Atlantico : Quels avantages les utilisateurs trouvent-ils aux live vidéos par rapport aux chaines de télévision? 

Christophe Benavent : L'avantage n'est pas par rapport aux chaines de TV, mais plus à des pratiques de selfies, de photos, de vidéos partagées. Les applications de live streaming combine la logique des réseaux sociaux et du live : partager l'instant, l'évènement avec ses proches. Le live, c'est ce qu'il y a de plus fort. Voilà pour l'aspect "makers", ceux qui filme et diffusent. Du côté du spectateur, et bien c'est une autre sorte de spectacle, encore plus direct que les mots de Twitter, qui lui est offert. C'est clairement excitant.

 

Donc, a priori, aucun rapport de substitution puisque ce sont deux consommations complémentaires.

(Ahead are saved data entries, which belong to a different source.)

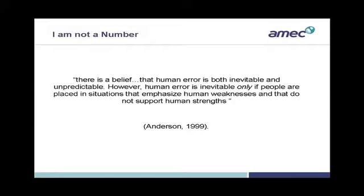So why am I telling you this? As I've emphasized, because a number of factors can increase the risk associated with human error. So, there is a belief that human error is both inevitable and unpredictable. However, human error is only inevitable if people are placed in situations that emphasize human weaknesses and that do not support human strengths. Human error is not inevitable, but unfortunately, inadequate human factors arises when people do not fully consider the range of factors which influence human performance. What we need to do is understand these factors, which alone do not create high-risk situations, but when combined, contribute to the risk of human error.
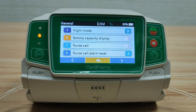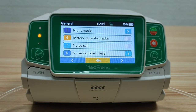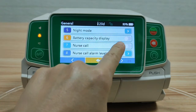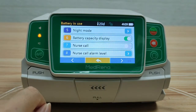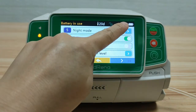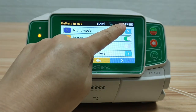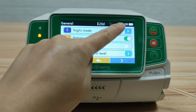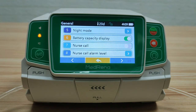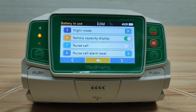Battery capacity display: by selecting it on, the screen bar will show the remaining time that the pump can operate based on current battery power supply.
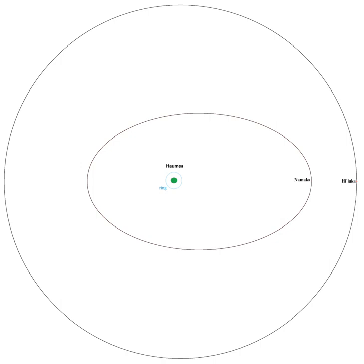To put this in perspective, if Hiiaka were in the asteroid belt, it would be larger than all but the four largest asteroids: Ceres, Pallas, Vesta, and Hygia.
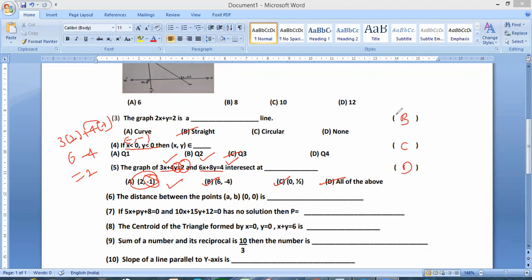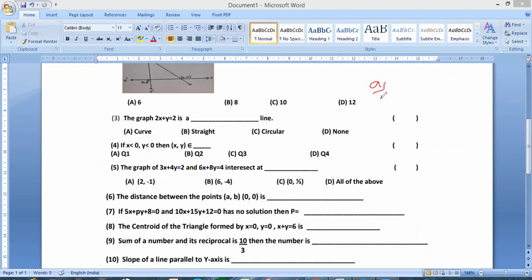Fill in the blanks. The distance between the two points — actually the distance between AB and the origin. If the origin is equal to root of A square plus B square. Distance between A, B and origin (0, 0) is A square plus B square. And 5X plus BY plus 8 equal to 0 and 10X plus 15Y plus 12 equal to 0 has no solution. Condition: A1 by A2 is not equal to B1 by B2 but is not equal to C1 by C2 — no solution.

Il faut signaler au passage que la durée moyenne d'exposition TV a peu variée ces dernières années, et qu'elle semble faiblement attaquée par l'Internet. Une des raisons est que les deux pratiques peuvent être simultanées : on twitte beaucoups sur les émissons de TV par exemple. Dans l'autre sens, la TV peut beaucoup emprunter à Periscope ou Snapchat. Ce sont de nouveaux moyens d'interagir, et sûrement une nouvelle esthétique.  

 

Les chaines de télévision peuvent-elles souffrir du développement des live vidéos ? 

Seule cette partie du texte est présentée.